June 1, 2015, 4:00 AM UTC

The strong capital markets have recently led to record numbers of initial public offerings. Often, the principal investor in a company going public is a traditional private equity firm, whose investment manager will be familiar with IPOs as a standard portfolio company liquidity event. On occasion, though, a key pre-IPO investor will be a hedge fund, or other pooled investment vehicle not meeting the traditional PE profile, that has deployed capital to the portfolio company as part of the fund’s illiquid or “side pocket” investment program. In contrast to a classic PE sponsor, the hedge fund manager may have only infrequent contact with the IPO process and thus be less conversant in the key issues surrounding such a transaction.

This article is a brief primer for the hedge fund manager who is invested in a portfolio company undertaking a Securities and Exchange Commission-registered IPO, but for whom the transaction is not business as usual. We describe key issues the manager should be prepared to address. These issues include the type of securities the hedge fund will hold post-IPO; board representation; legal risks associated with the company’s disclosure to investors; planning for post-IPO liquidity; and securities law regulatory matters following closing. For purposes of this article, we assume the hedge fund has a significant (though perhaps minority) equity interest in the pre-IPO company and will retain a meaningful minority equity position following the offering. We refer to the hedge fund and its manager together as the “Fund,” and to the side pocket portfolio company undertaking the IPO as the “Company.”

Securities Pre- and Post-IPO

The Fund’s pre-IPO investment in the Company—especially where the Fund is a minority financial investor—often will have taken the form of convertible preferred stock. Committing capital as a convertible preferred investor generally enables the Fund to limit downside risk through the preferred stock’s liquidation preference, while permitting the Fund to capture upside potential through conversion into the Company’s common stock.
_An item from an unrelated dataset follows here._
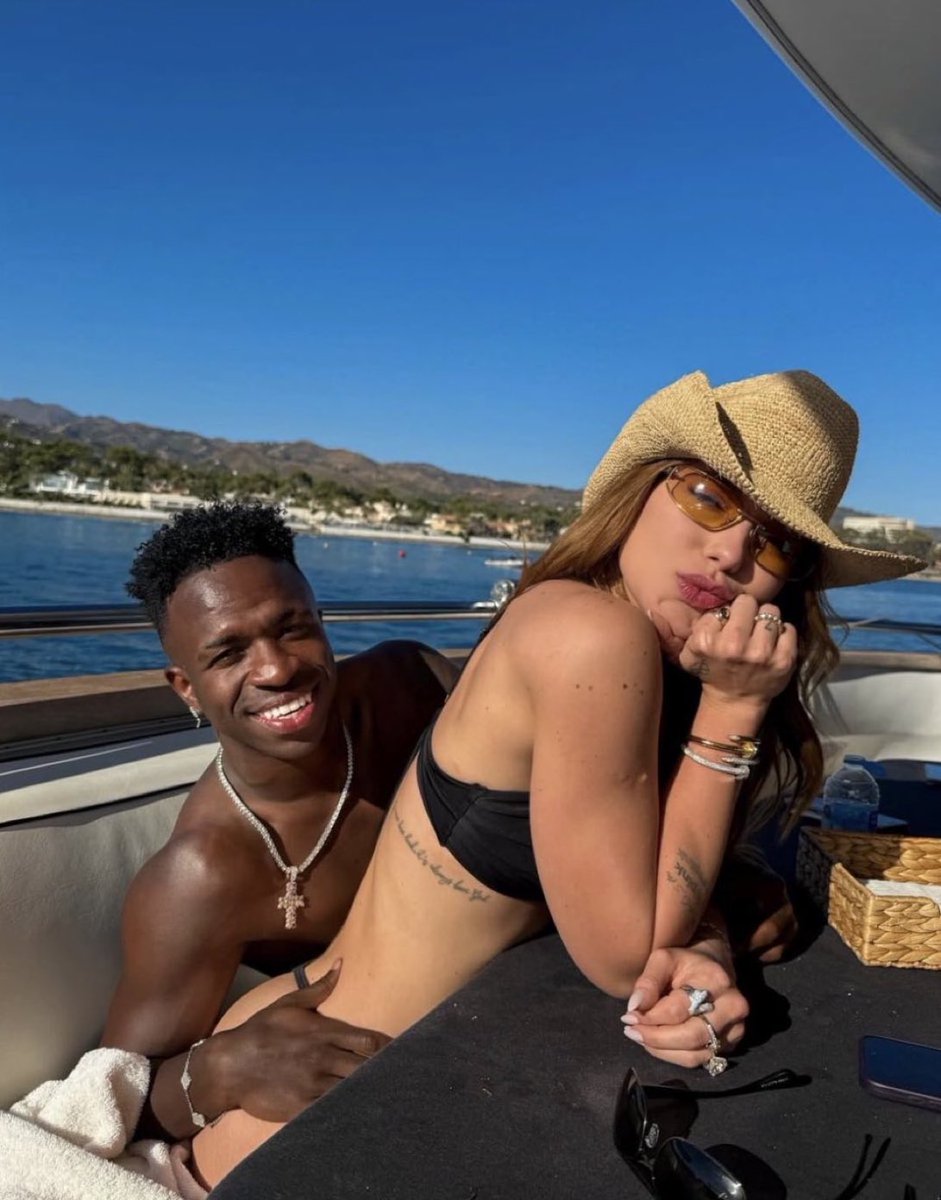 choquei's tweet image. 🚨FAMOSOS: Virginia posta novas fotos com Vini Jr: "Sou feliz com você, te amo"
The preferred stock’s terms may provide for automatic conversion upon a “qualifying” IPO. 1Generally, a “qualifying” IPO means an IPO satisfying an agreed upon minimum aggregate offering size (e.g., $200 million) or price per share. If not, the treatment of the preferred stock upon the IPO—e.g., being redeemed with cash, converted or remaining outstanding—will be a subject of discussion among the Company, the Fund and other members of the working group. While the Fund may favor retaining its preferred stock, the Company may advance reasons in favor of conversion. These reasons might include the likelihood of additional SEC comments during the registration process if convertible preferred remains outstanding; potential accounting issues (e.g., equity vs. liability treatment); and possible adverse market perceptions due to overhang or Company obligations to pay preferred dividends. Outstanding warrants and options can raise analogous concerns and thus may be candidates for exercise in connection with the IPO.

Board Representation

Pre-IPO, many hedge funds making a material investment in a portfolio company will negotiate for the right to appoint one or more Company directors. Generally, the right to board representation is set forth in a shareholders’ agreement. The shareholders’ agreement typically terminates upon an IPO, however, which means the Fund must consider whether and how its director-appointment rights will continue after the Company goes public. 2There are certain provisions of the shareholders’ agreement that are intended to survive an IPO but generally such provisions are moved to a new stand-alone agreement (e.g., a registration rights agreement) and the shareholders’ agreement is terminated in its entirety when the IPO closes.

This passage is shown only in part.